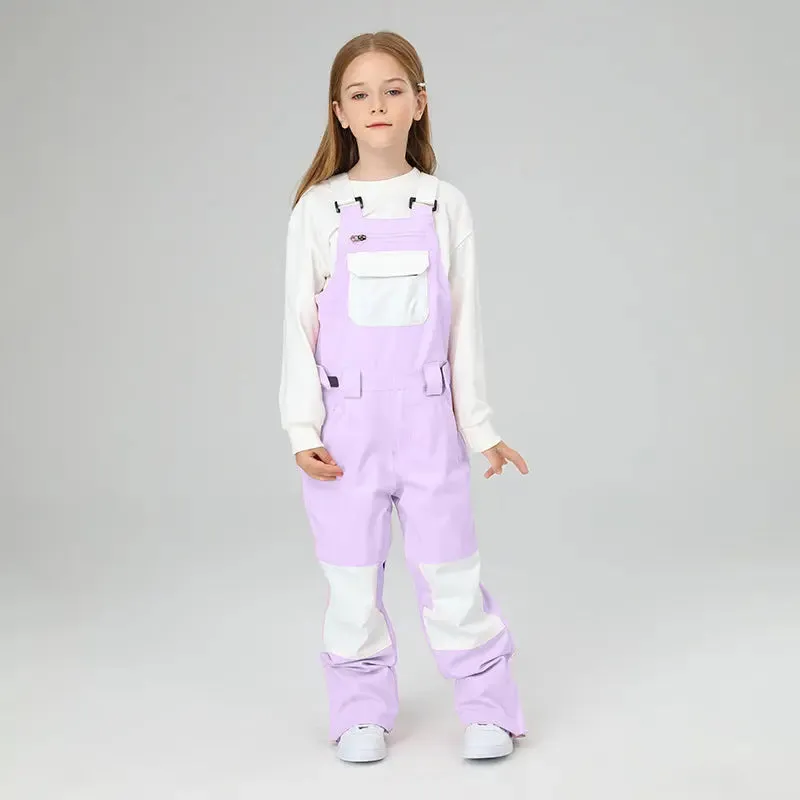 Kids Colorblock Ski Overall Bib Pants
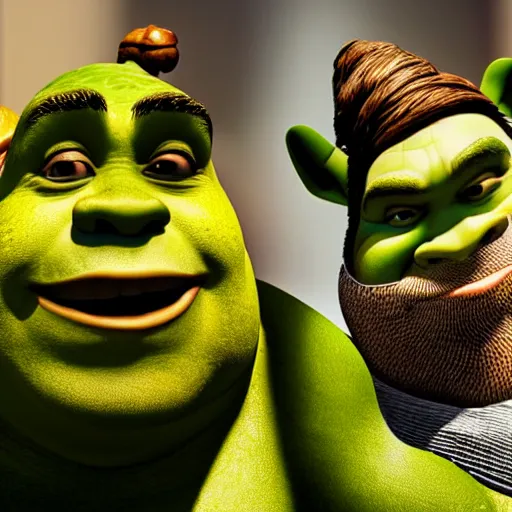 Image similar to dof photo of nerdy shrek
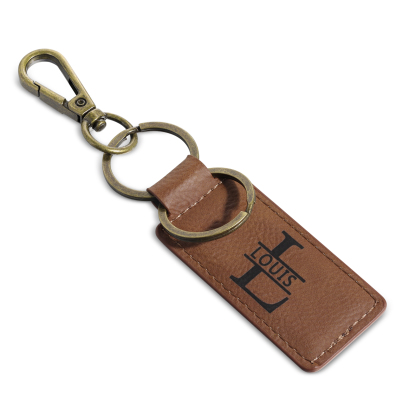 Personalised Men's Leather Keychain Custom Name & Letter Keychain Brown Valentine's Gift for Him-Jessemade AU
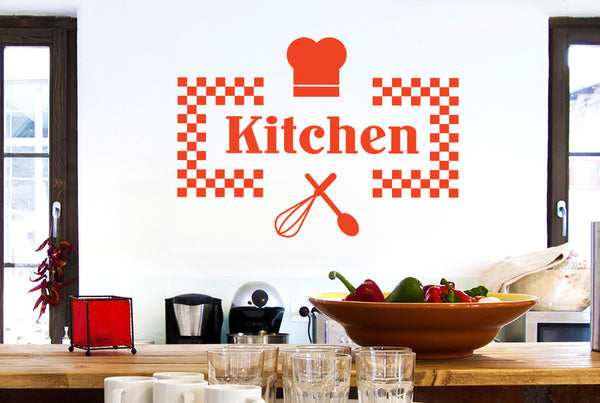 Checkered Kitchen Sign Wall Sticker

+ + +

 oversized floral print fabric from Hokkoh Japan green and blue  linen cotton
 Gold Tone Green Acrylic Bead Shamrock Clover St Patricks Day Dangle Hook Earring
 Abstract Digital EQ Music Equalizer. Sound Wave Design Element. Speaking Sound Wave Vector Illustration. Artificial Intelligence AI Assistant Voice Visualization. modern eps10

+ + +

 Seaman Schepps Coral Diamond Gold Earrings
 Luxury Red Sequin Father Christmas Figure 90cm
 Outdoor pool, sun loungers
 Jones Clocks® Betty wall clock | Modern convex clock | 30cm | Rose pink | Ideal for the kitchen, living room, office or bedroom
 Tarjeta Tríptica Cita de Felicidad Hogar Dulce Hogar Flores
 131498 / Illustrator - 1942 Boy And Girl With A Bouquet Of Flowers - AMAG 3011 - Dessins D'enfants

+ + +

> **EXERCISE**
Working from the records above, write out verbatim only the lines from the line containing "Outdoor pool, sun loungers" through the line containing "131498 / Illustrator".

> **RESPONSE BELOW**
 Outdoor pool, sun loungers
 Jones Clocks® Betty wall clock | Modern convex clock | 30cm | Rose pink | Ideal for the kitchen, living room, office or bedroom
 Tarjeta Tríptica Cita de Felicidad Hogar Dulce Hogar Flores
 131498 / Illustrator - 1942 Boy And Girl With A Bouquet Of Flowers - AMAG 3011 - Dessins D'enfants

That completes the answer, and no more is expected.